Lisia allora ordinò che fossero lapidati. I due santi divennero il bersaglio di un fitto lancio di pietre, ma queste tornarono indietro, colpendo chi le scagliava. Stessa sorte toccò alle frecce che vennero scoccate verso di loro. Esse invertivano la loro traiettoria e colpivano quelli che le avevano scoccate. Lisia allora li condannò a essere bruciati in una fornace. Ma il fuoco lasciò illesi i due santi: le fiamme divamparono e si rivolsero contro gli esecutori degli ordini di Lisia. Il governatore esasperato ordinò che i due fratelli venissero decapitati e finalmente le lame ebbero ragione della loro forza. Le loro teste rotolarono nella polvere, ma i loro spiriti erano salvi e sarebbero rimasti sempre vivi. Infatti, molti secoli dopo, le morti dei santi martiri Cosma e Damiano ispirarono gli affreschi barocchi nella basilica romana a loro dedicata.
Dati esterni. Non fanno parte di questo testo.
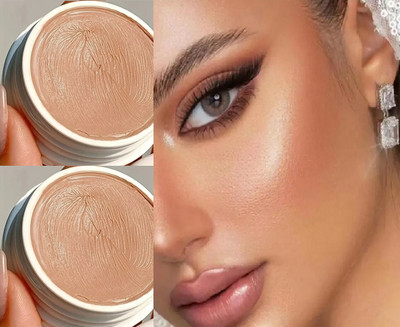 Latixmat Covers Dark Circles Wrinkles Pore Silky Texture Concealer Hides Dark Spots Set Concealer(Beige, 12 g)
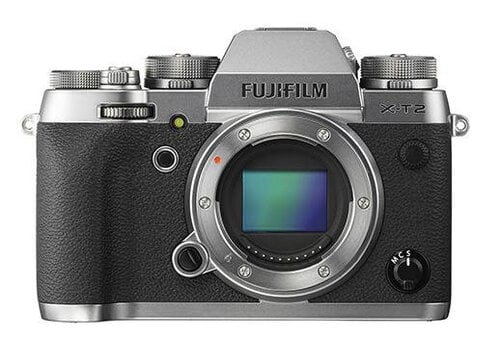 Περισσότερες πληροφορίες για "Fujifilm X -T2"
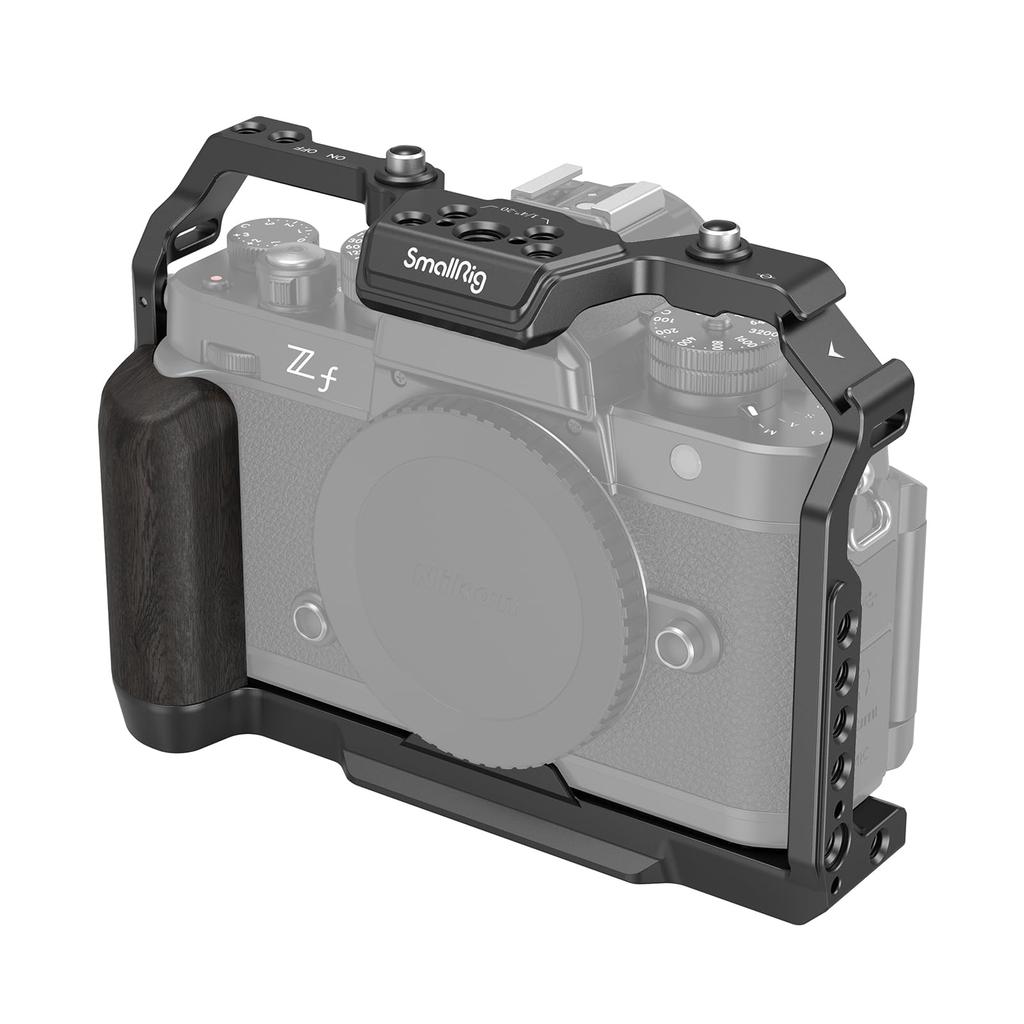 SmallRig Cage Support for Nikon Z f Camera Cage 4261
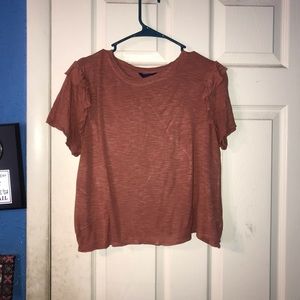 Never worn juniors shirt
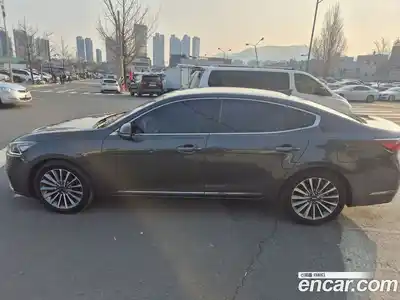 Kia K7 2019 2.4 Автомат в Москве № 19048, миниатюра 7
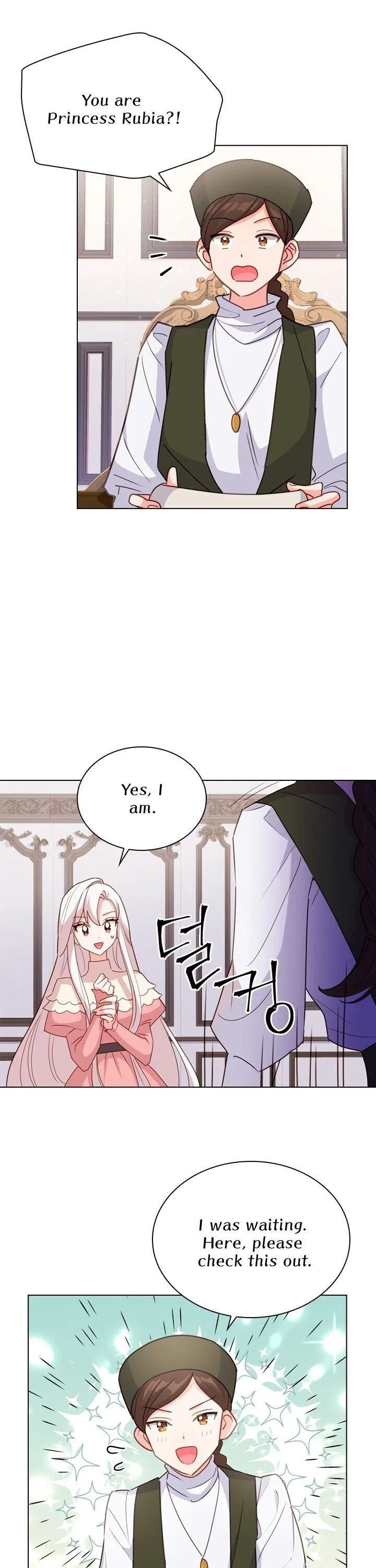The Lady Wants to Rest Chapter 8 – Page 23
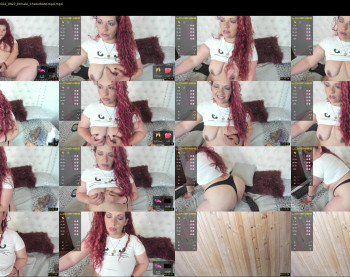 pamela_dimantis_ — 55 minute Chaturbate female cam show recording, 1080p, Mar 13, 2022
I santi Cosma e Damiano furono sepolti nella città di Ciro, in Cilicia. Anni dopo, più o meno nel VI secolo, l’imperatore Giustiniano, guarito da una grave malattia per l’intercessione dei due santi, andò a pregare sulla loro tomba, fece innalzare a basilica la loro chiesa e dispose la fortificazione della città di Ciro. Gli scambi commerciali tra Roma e l’Oriente facilitarono la diffusione in Occidente della fama dei due martiri. Poco tempo dopo, nel 528, a opera di papa Felice IV, le loro reliquie furono trasportate a Roma, e in loro onore fu edificata la grande basilica esistente nel Foro Romano. In Oriente sorsero numerose chiese dedicate a Cosma e Damiano. La più famosa fu la basilica costruita a Costantinopoli, proclamata santuario nazionale, alla quale accorrevano malati di ogni ceto sociale per chiedere miracoli. In questa basilica avveniva il rito detto “dell’incubazione”. Secondo la tradizione i malati venivano adagiati su poveri giacigli, mentre gli altri fedeli trascorrevano la notte in preghiera. Durante il sonno miracolosamente Cosma e Damiano intervenivano per guarirli. Mentre il culto dei due fratelli si diffondeva nel mondo, in Italia la loro fama aumentò nel Quattrocento, al tempo dei Medici. A causa probabilmente del loro nome di famiglia, essi elessero i due santi a propri patroni, facendoli oggetto di un culto intensissimo. Il capostipite della casata diede i loro nomi a due suoi figli e agli Uffizi c’è una pala di Botticelli, commissionatagli dai Medici, che ci mostra sotto le spoglie dei santi i ritratti di Lorenzo e Giuliano inginocchiati dinanzi alla Vergine. Cosma e Damiano, questi “atleti di Dio” hanno gridato al mondo, con la loro vita e la loro morte, la verità di Cristo. Il loro messaggio di carità e di fede attraversa i secoli e giunge fino a noi proponendoci Dio come “l’unica ancora cui affidarsi, l’unico orizzonte su cui stagliare le nostre scelte”.